One other problem I always had was lack of sleep. I would spend hours and hours looking at the ceiling, reading, wondering around the house. I woke up at 7 am every Sunday when everybody else was sound asleep and even wrote poems about my insomnia in my teenage years.
All that came to an ending when I got pregnant. I noticed I was falling asleep on the Subway, watching movies, driving (don't do it please)... That was the most obvious pregnancy sign.
But then the baby came out. I had been raised to think that they had to go to the moses basin and then to their own crib. I had everything ready and... his first night on the house was living hell. He woke up some 5 times. I would nurse him, he would go back to sleep and wake up 30 minutes later.

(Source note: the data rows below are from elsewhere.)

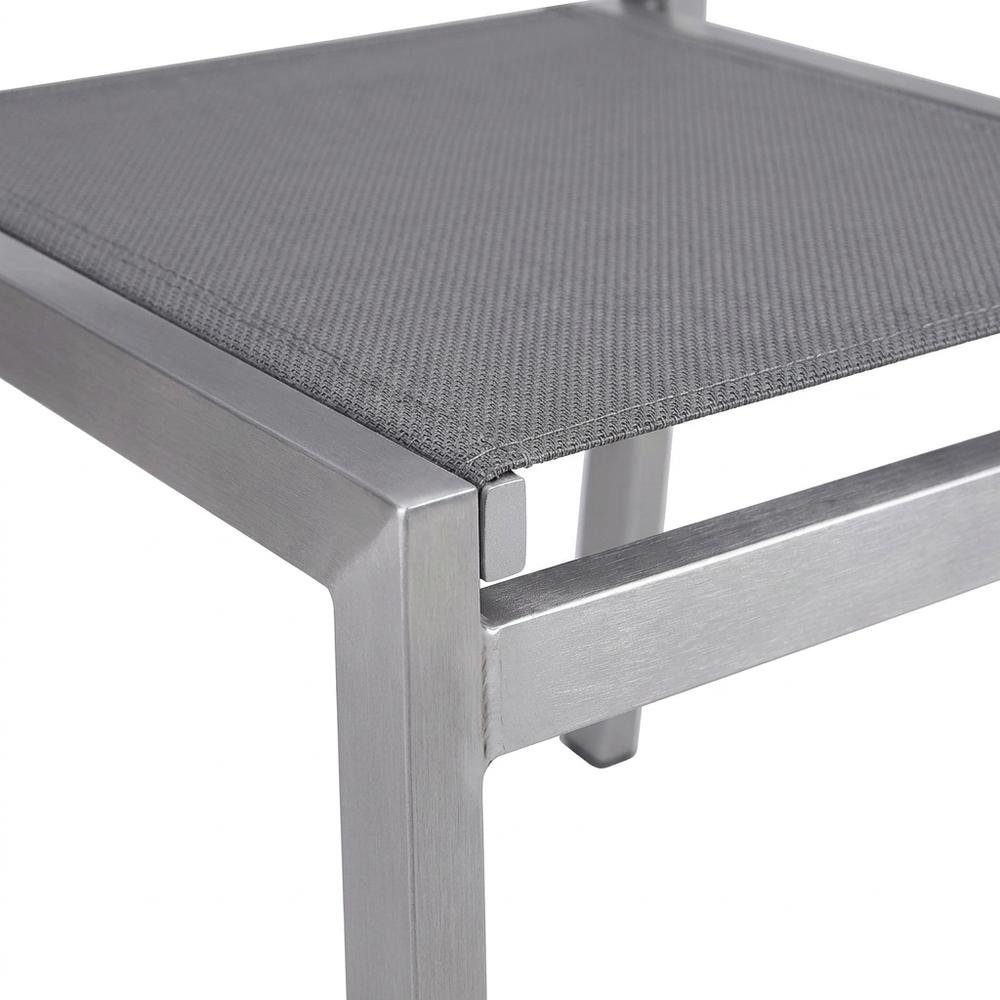 Aluminum Outdoor Patio Side Chairs, Porch and Balcony, Silver Gray, Set of 2. Picture 9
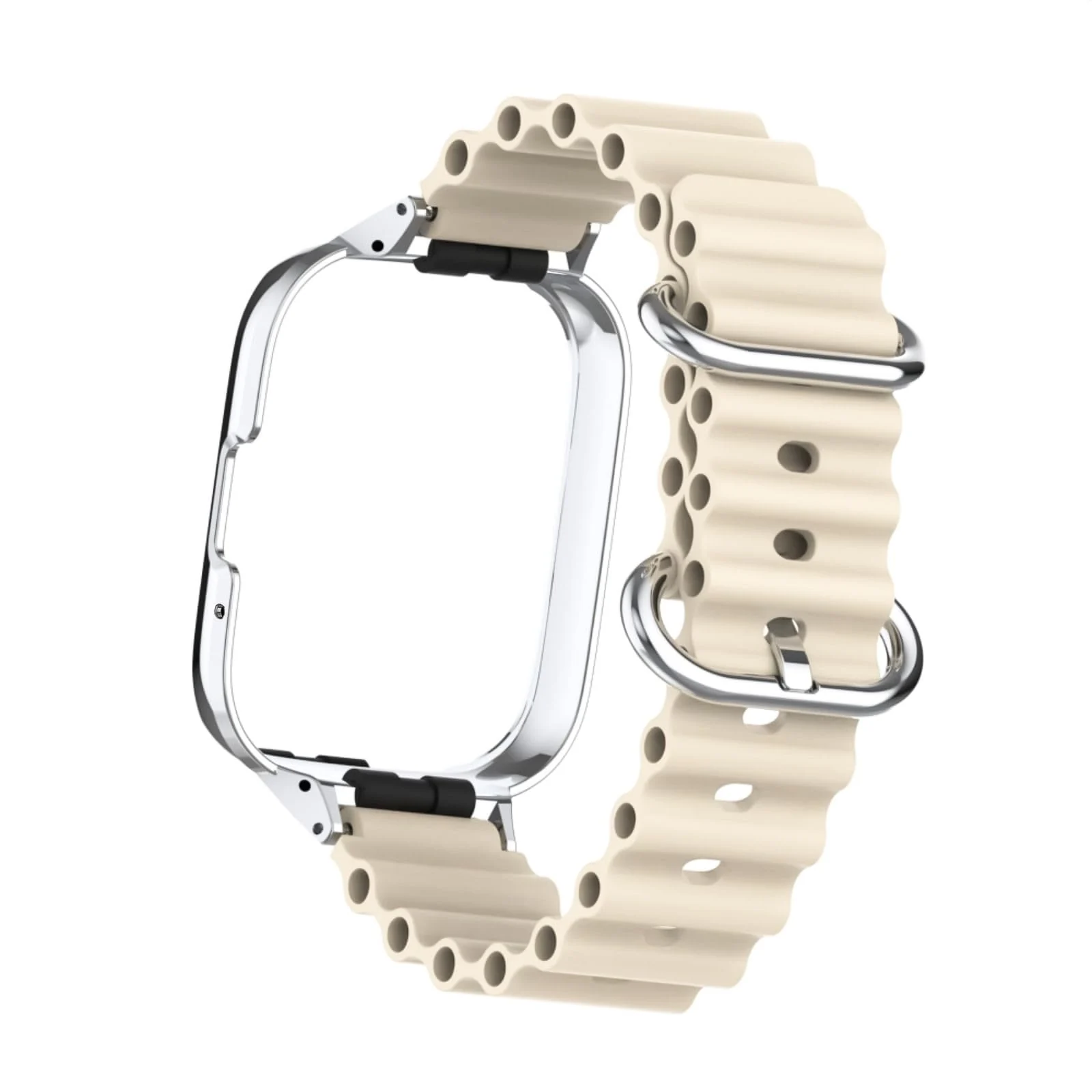 DL3 Mobilak Ocean Strap Compatible with Xiaomi Redmi Watch 3 Lite/Redmi Watch 3 Active, Adjustable Silicone Strap with Metal Buckle, Band With Frame Metal Women Men Replacement Strap - Beige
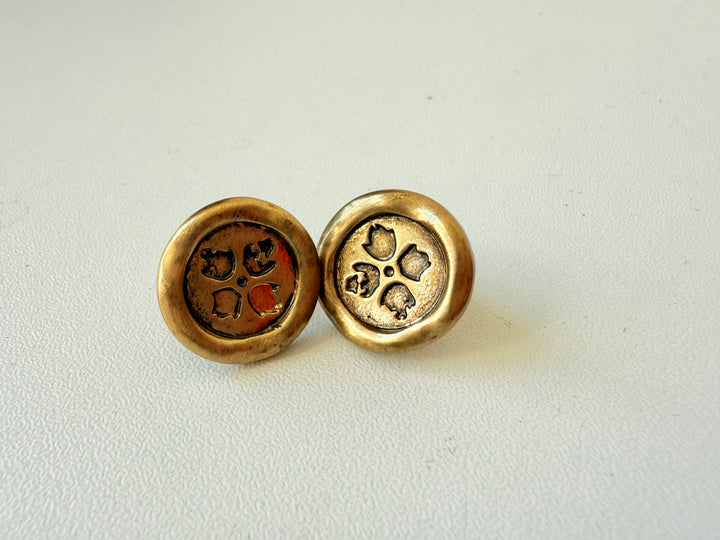 Patricia Nash Gold Button Logo Post Pierced Earrings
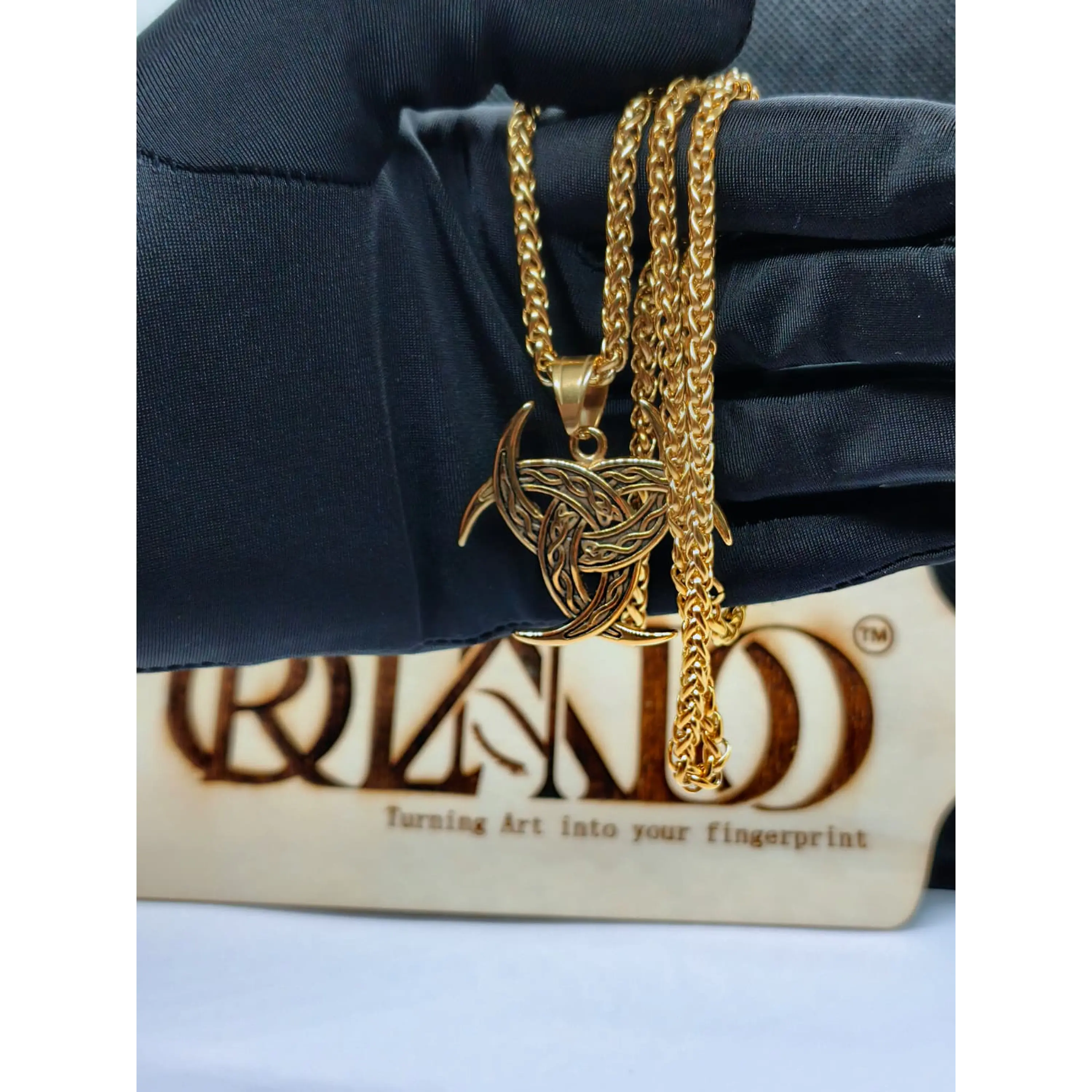 Colar Masculino Viking Triskelion Dourado – Pendente Mitologia Nórdica 8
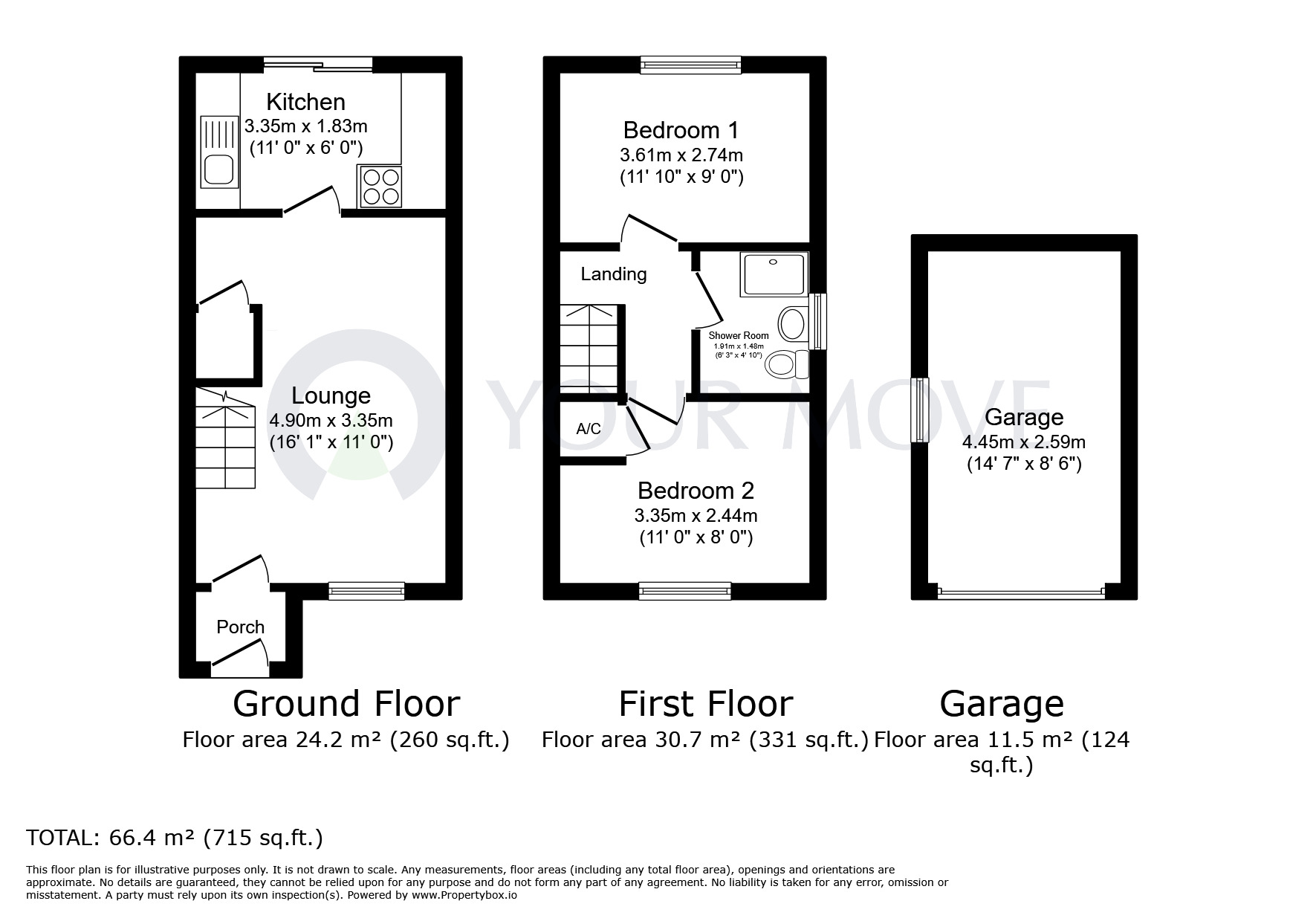 Floorplan of 2 bedroom Semi Detached House for sale, Kingswood Drive, Kirkby-in-Ashfield, Nottinghamshire, NG17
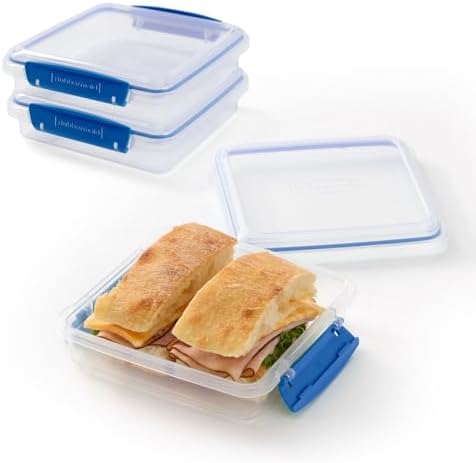 Rubbermaid Pack & Go 450 mL Sandwich Container, 3-Pack, Meal Prep Containers with Secure Seal Lids
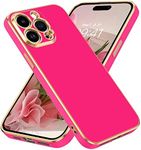 BENTOBEN for iPhone 14 Pro Max Case, Slim Luxury Electroplated Bumper iPhone 14 Pro Max Phone Case Women Men Girl Protective Soft Case Cover with Strap for iPhone 14 Pro Max 6.7 inch,Hot Pink/Gold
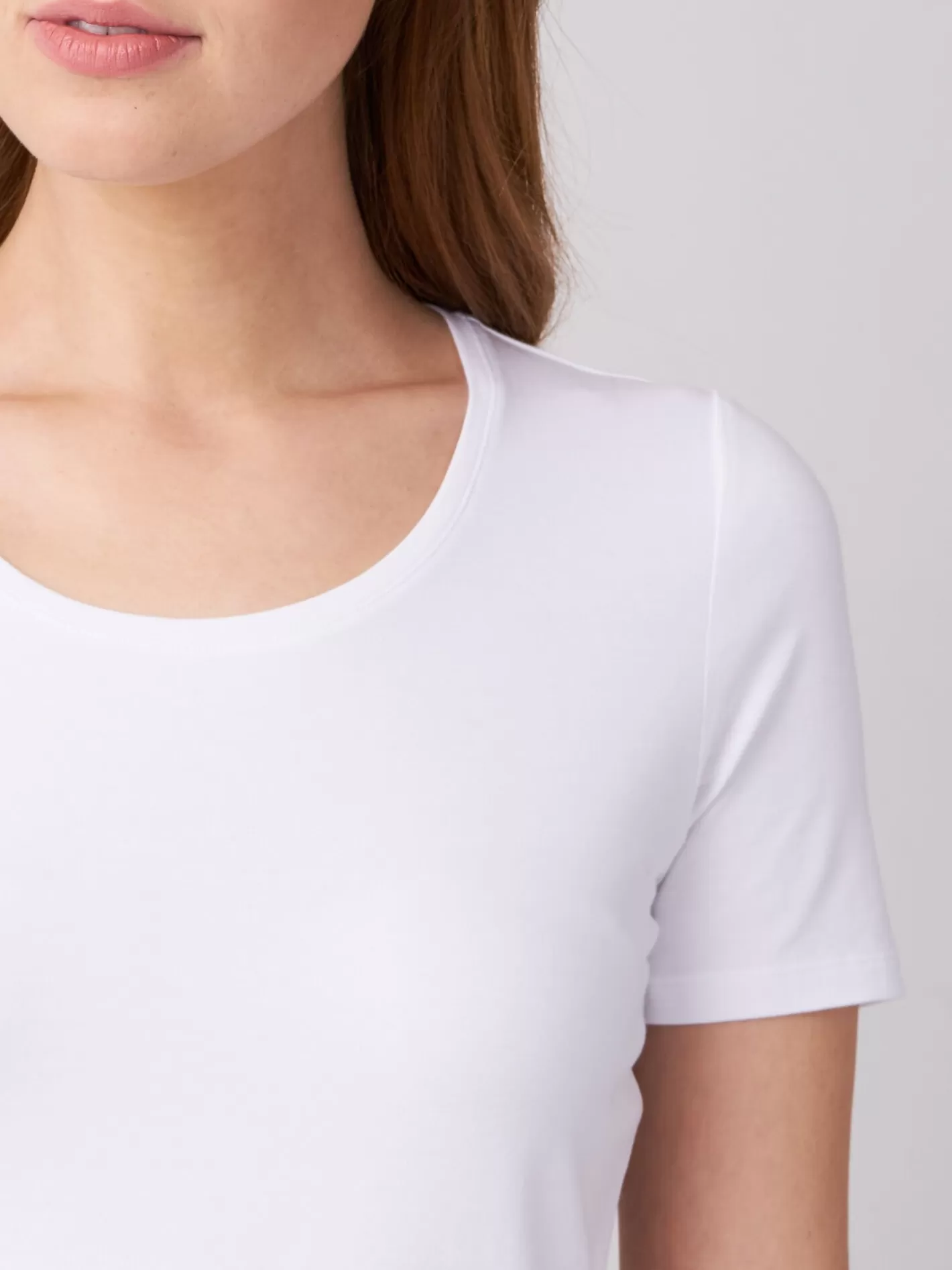 Tops<REPEAT cashmere Basic Cotton Crew Neck T-Shirt White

By the third night, I was so exhausted that when he woke up at 5 am and I wanted to wait half an hour to feed him (according to the "schedule"), I brought him to bed, and the three of us passed out for 3 hours!!
All of a sudden we woke up at 8 am, refreshed and happy. I told my parents what had happened and my dad just said "NO". I felt so guilty I tried for several nights to fix that terrible mistake, only to realize that the only way we would get some rest was sleeping the three of us together.
Then a friend of mine sent me Dr Sears' Baby Book. It was an awakening. I saw the "converting" and the "sect" part of it and took things with perspective. But I found a validation in my every night sleeping routine and started doing it without guilt.
Later on I discovered a fantastic ability: the art of sleeping during the day. I had never been able to master such a craft. Naps were never part of my agenda, I had always been deprived of sleep, because if I had not done it at night, it would just never come and recovery was never on the horizon. Better yet, I could put my baby to sleep with me. It was not what my dad told me: "sleep while the baby sleeps or you won't have a chance" but "if you want to sleep, take the baby and make him sleep too".
I'm a much healthier human being since I became a mom. I don't recall when was the last time I got a serious cold but it was more than 2 years ago. My boys have never been sick, they don't know the meaning of it. I don't know if breast feeding and co sleeping has anything to do with it, but I can safely say that it has been a pleasure to have two babies that sleep through the night from the start, nurse while sleeping and keep going. It works for our family and has saved me countless sleep hours.
So if somebody tells me that it will take a lot of effort to get my boys to sleep in their own bed, it will never equal what I have saved. And yes, Little Guy likes sneaking in some nights, but mostly sleeps on his own by now, effortlessly.